*** SUPPLIED MATERIAL ***

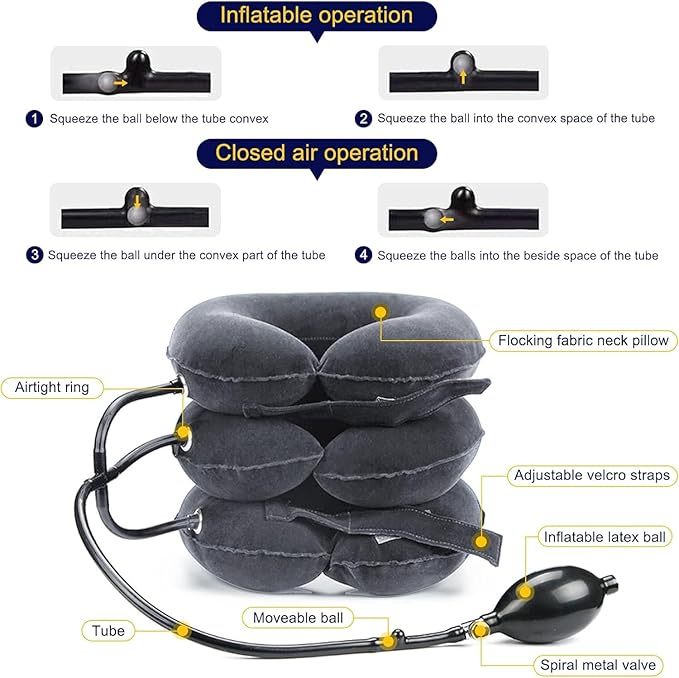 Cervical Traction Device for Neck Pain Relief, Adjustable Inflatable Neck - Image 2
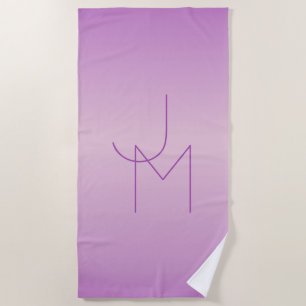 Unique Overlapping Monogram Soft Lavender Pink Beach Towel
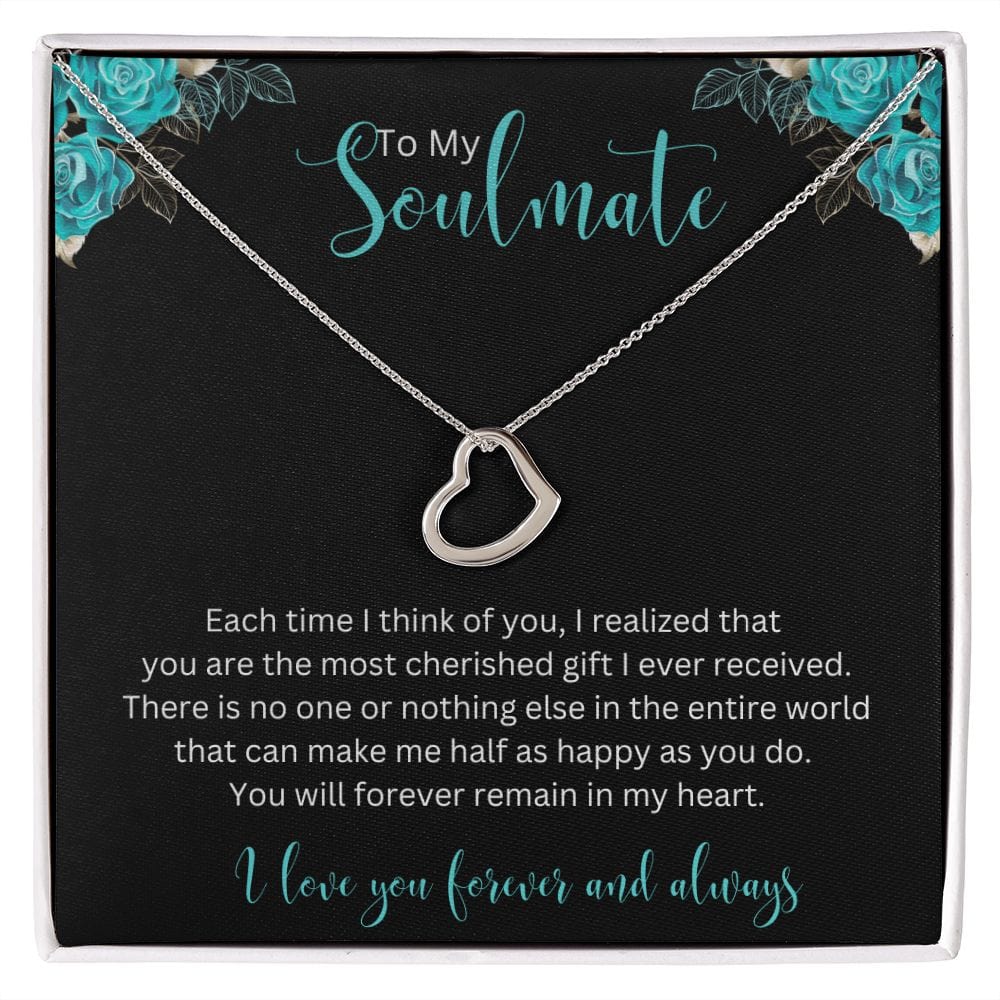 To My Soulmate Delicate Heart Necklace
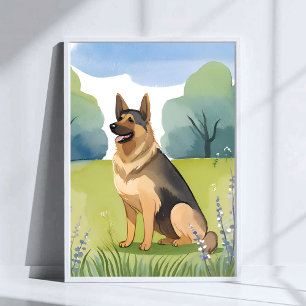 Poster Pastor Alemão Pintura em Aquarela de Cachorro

*** End of SUPPLIED MATERIAL ***

ACTIVITY — Write out the material above exactly. Skip the pictures.

RESULT FOR THIS EXERCISE —
 Cervical Traction Device for Neck Pain Relief, Adjustable Inflatable Neck - Image 2
 Unique Overlapping Monogram Soft Lavender Pink Beach Towel
 To My Soulmate Delicate Heart Necklace
 Poster Pastor Alemão Pintura em Aquarela de Cachorro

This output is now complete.